2025年3月18日 5時00分
将来を壊さないために
「カジノ」という言葉はイタリア語で家を意味するカーザに由来し、中世のベネチアが起源だという。屋敷でギャンブルに興じる(きょうじる)貴族らを公衆の目から遠ざけようと、当局者がカジーニと呼ぶ小さな家へ転居させた(ペッカ・スルクネンら著『ギャンブルの何が問題なのか?』)▼700年余(よ)を経て、カジノは時間を問わず庶民の手の上に乗る違法な存在となった。スマホから接続し(せつぞくし)、ゲームで賭けるオンラインカジノだ。警察庁による初の実態調査では、国内の利用経験者は推計で約337万人、賭けの総額は年間約1兆2423億円にのぼった▼賭博(とばく)が合法な(ごうほうな)国に拠点(きょてん)があっても、日本から賭ければ賭博罪(とばくざい)にあたる。だが警察庁が調べたサイトのほとんどは日本からの利用の禁止を明示しておらず、経験者の4割近くが「違法性の認識がなかった」と答えたという▼無自覚の理由として、多くが「パチンコや公営競技などがあるから」と回答した。
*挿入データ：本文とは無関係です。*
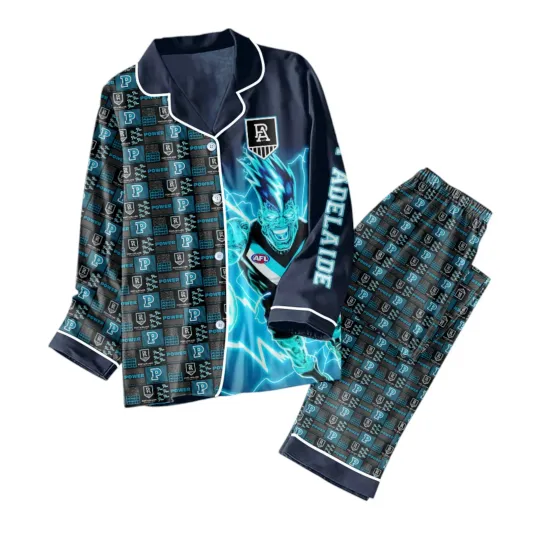 Discover Port Adelaide FC Button Down Pajamas Set 8211 VANDH 445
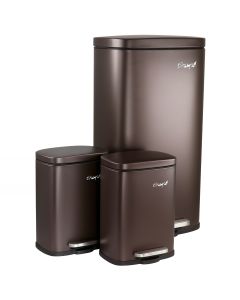 Elama 3 Piece 8 Gallon and 1.3 Gallon Stainless Steel Step Trash Bin Combo Set with Slow Close Mechanism in Matte Bronze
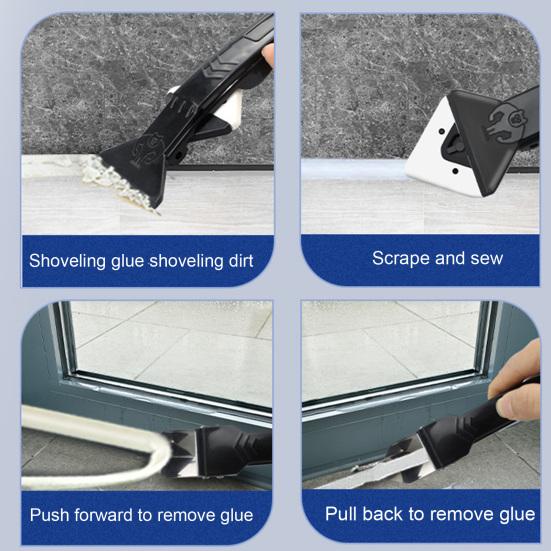 Glue Scraper Metal Spatula Head High Hardness Wear-Resistant Detachable Rubber Head Flexible Replacement 3-in-1 Shovel Scraper Angle Tool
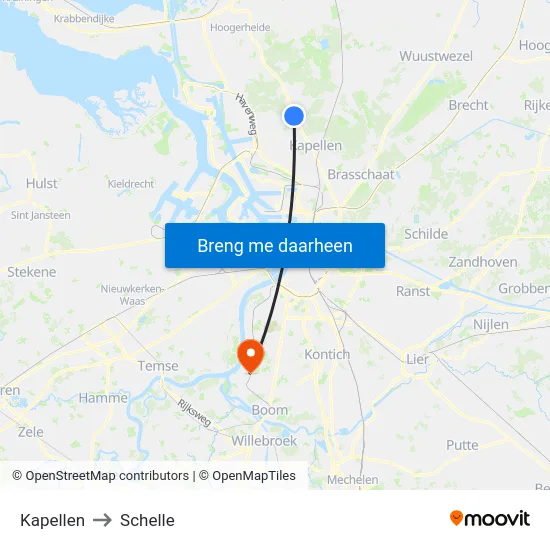 Kapellen to Schelle map
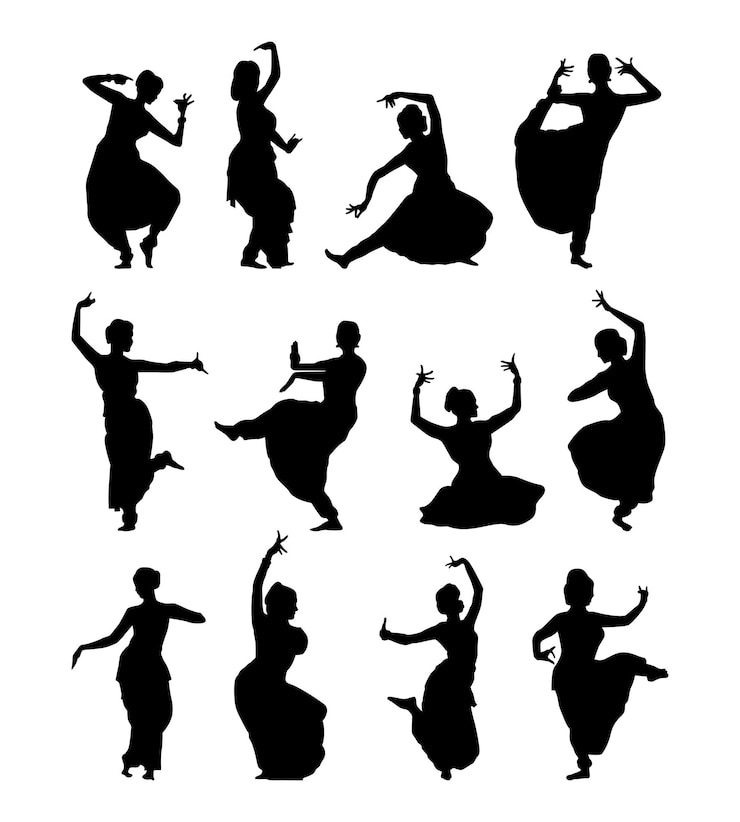 Vecteur silhouette vectorielle de la collection de danseuses indiennes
これが理由で海外の事業者から、「日本人は標的にしやすい」と思われているのかもしれない▼サイトへの接続を遮断するブロッキングが対策の一つとされるが、効果を疑問視する意見もある。簡単に迂回(うかい)でき、対象リストの更新などに膨大な(ぼうだいな)人手(ひとで)や手間がかかるからだ▼今回の調査では、経験者の過半を20、30代が占めた。広告に誘われて始め、抜けられなくなる。うそをつき借金をする。そうしてギャンブル依存症になったら、将来を壊しかねない。とにかく、手を出さないことだ。